Organize technology to do your due diligence
Time flies when you’re having fun. It also flies when you have an LP Gas column submission deadline.
It seems like just yesterday I submitted “Always be ready for sale,” where I attempted to explain how technology might be used to run a business like it’s always for sale even if it’s never for sale.
This year’s column focuses on a more immediate question: What technology questions should you worry about if you are buying or selling a business?
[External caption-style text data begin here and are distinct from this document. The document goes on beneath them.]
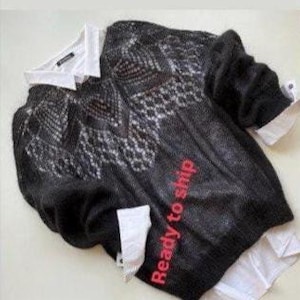 May include: A black sweater with a white and gray patterned design, layered over a white collared shirt. The sleeves of the shirt are visible. The words "Ready to ship" are printed in red on the sweater.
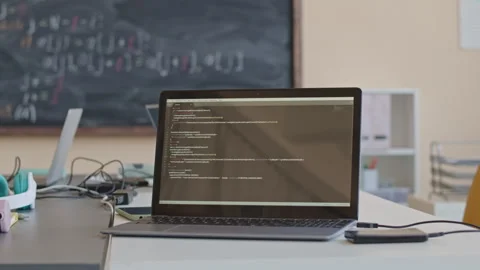 Laptop with Code on Screen in School Classroom 動画素材 257059168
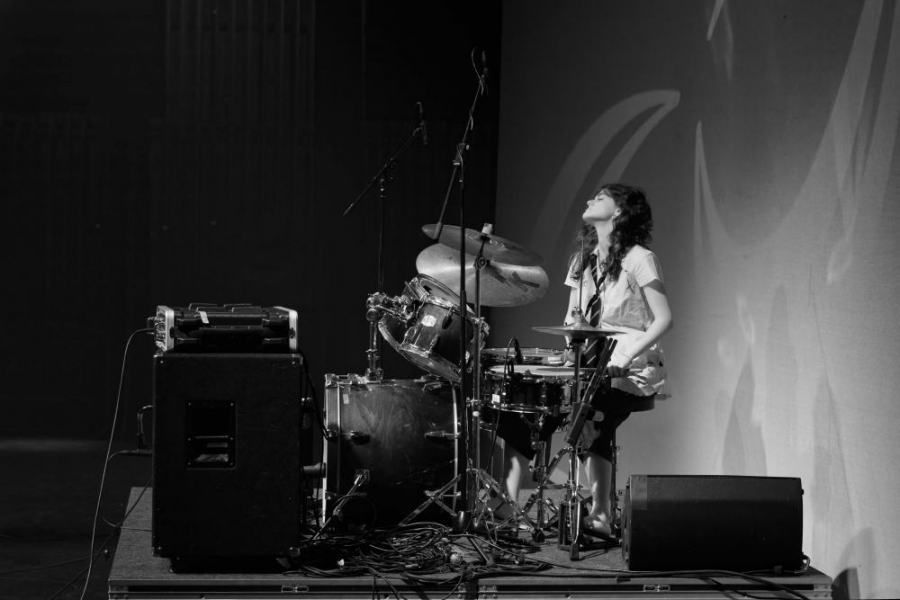 A woman is playing drums on a stage in a black and white photo.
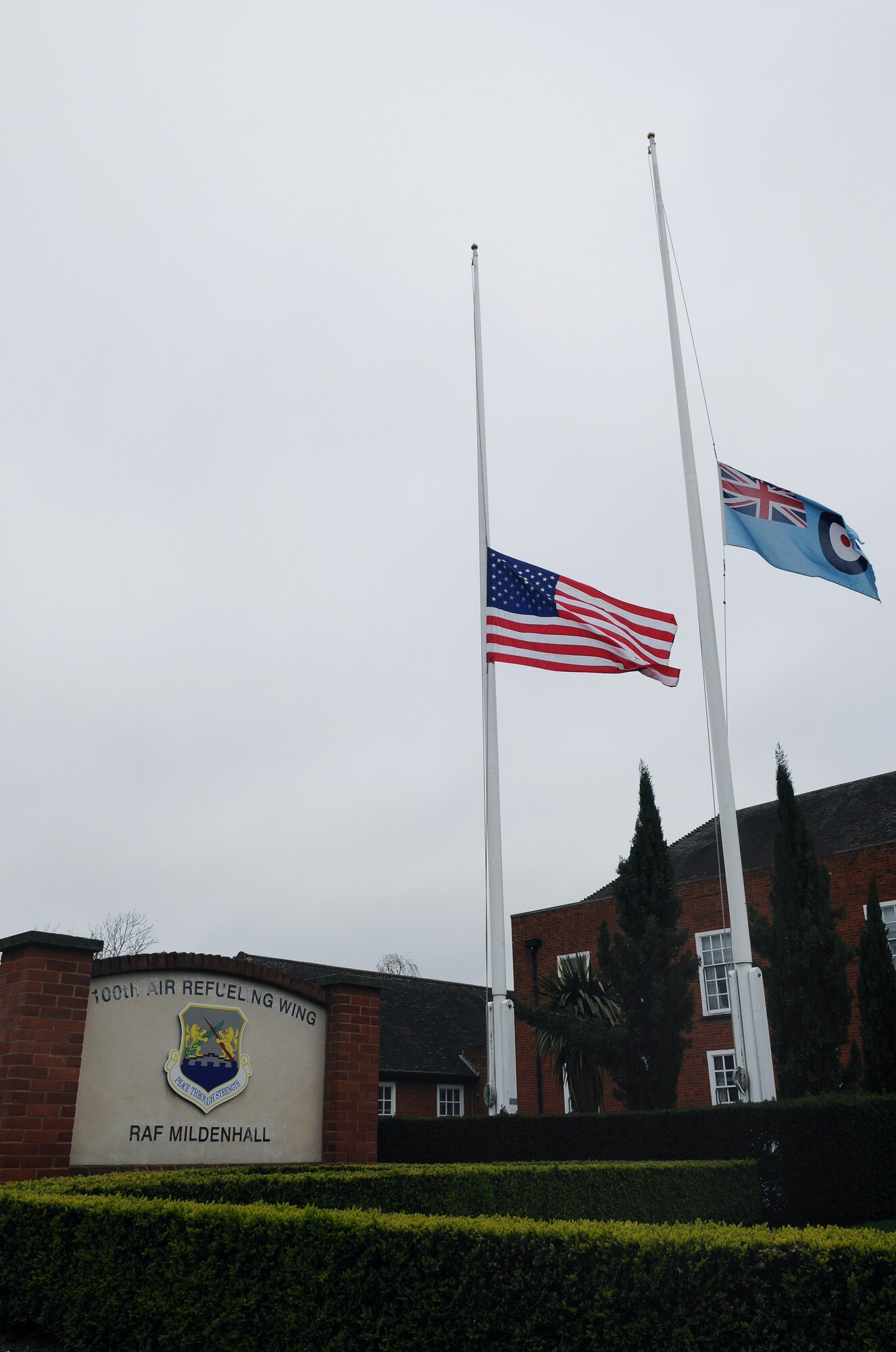 RAF MILDENHALL, England -- The base flags are flown at half staff outside the 100th Air Refueling Wing headquarters building here April 6, 2011, in memory of Staff Sgt. Bradly Ring, 95th Reconnaissance Squadron. Sergeant Ring, a maintenance technician, died April 2 in a two-car vehicle accident on Mildenhall Road near the Shippea Hill train station. (U.S. Air Force photo/Staff Sgt. Thomas Trower)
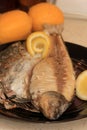 Whole on salt cooked fish with skin removed on one side .Whole fish cooked in a salt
It turns out that buyers and sellers ought to be worried about the same questions – and often for the same reasons:
⦁ Technology roadmap: Knowing where the data is – whether it’s in the cloud, on your server, on an employee’s computer, or a piece of paper or napkin in a file drawer – is important for both seller and buyer. It’s also important to know how access to it is controlled, whether and how it’s secured or backed up, and how it’s shared among applications if it’s digital. If you’re a seller, you may want to know the answers to these questions before the buyer asks.
⦁ Software applications: If you’re selling your business, you need a list of all of the applications you use in your business and, like your data, where they are (e.g., cloud, server, laptop, another device), what you use them for and how, if at all, they are connected to one another. The buyer will use your list to figure out how easy it will be to put the businesses together and come up with a game plan on what will happen to the applications and when.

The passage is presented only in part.